Sandy Hook victim’s dream to come true
HARTFORD, Conn. — Before she was killed in the Newtown school massacre, 6-year-old Catherine Violet Hubbard raised money from returnable bottles and cans to buy bones for dogs at the pound and designed business cards for an imaginary animal shelter, listing herself as “caretaker.”
Her pretend animal shelter is on track to become a reality as the state prepares to transfer 34 acres of a former psychiatric facility to a foundation raising money to build an animal sanctuary to honor the life of the little girl who was one of 20 first-graders killed in the 2012 Sandy Hook Elementary School shooting.
“It was just in her soul,” said Jenny Hubbard, describing her late daughter’s love of animals. “She didn’t care if it was fuzzy or slimy.”
Plans for the sanctuary in her name include a shelter and adoption center for cats and dogs, a refuge for farm and work animals, and a rescue and release program for injured native wildlife. Plans include a state-of-the-art veterinary clinic and a welcome center where educational programs will be held. The goal is to open the main building in Newtown in 2016.
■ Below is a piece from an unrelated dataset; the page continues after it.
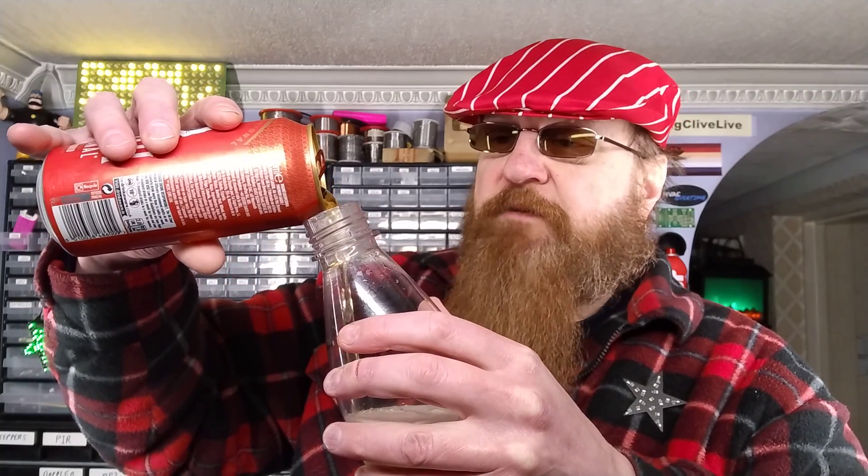Is that the correct pronunciation? Madhuri? I'm not really sure. And we shall pour this can of beer into the SodaStream. It would have been better getting a 500ml can of beer because then it would have been to the correct level, but 440ml is close enough.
Gov. Dannel P. Malloy recently signed legislation instructing the Department of Agriculture to convey the state land to the private Catherine Violet Hubbard Foundation set up by her parents. Several steps remain before Attorney General George Jepsen can sign off on the final transfer.
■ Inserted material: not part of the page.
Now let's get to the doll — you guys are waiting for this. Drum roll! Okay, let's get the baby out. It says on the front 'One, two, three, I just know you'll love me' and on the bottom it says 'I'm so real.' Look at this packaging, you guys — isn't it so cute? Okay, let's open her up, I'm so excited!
For Jenny Hubbard and her husband, Matt, who each have business backgrounds and wrote the sanctuary’s business plan, the project has been a healing and humbling experience. They’ve been amazed by the outpouring of support. To date, $800,000 has been donated, even though formal fundraising efforts have not begun. Various professionals, from veterinarians to Newtown architectural firm PH Architects, have donated their services.
“We remind ourselves every day there are kids murdered across the country and not everybody has the opportunity to do this for their child’s life,” Jenny Hubbard said.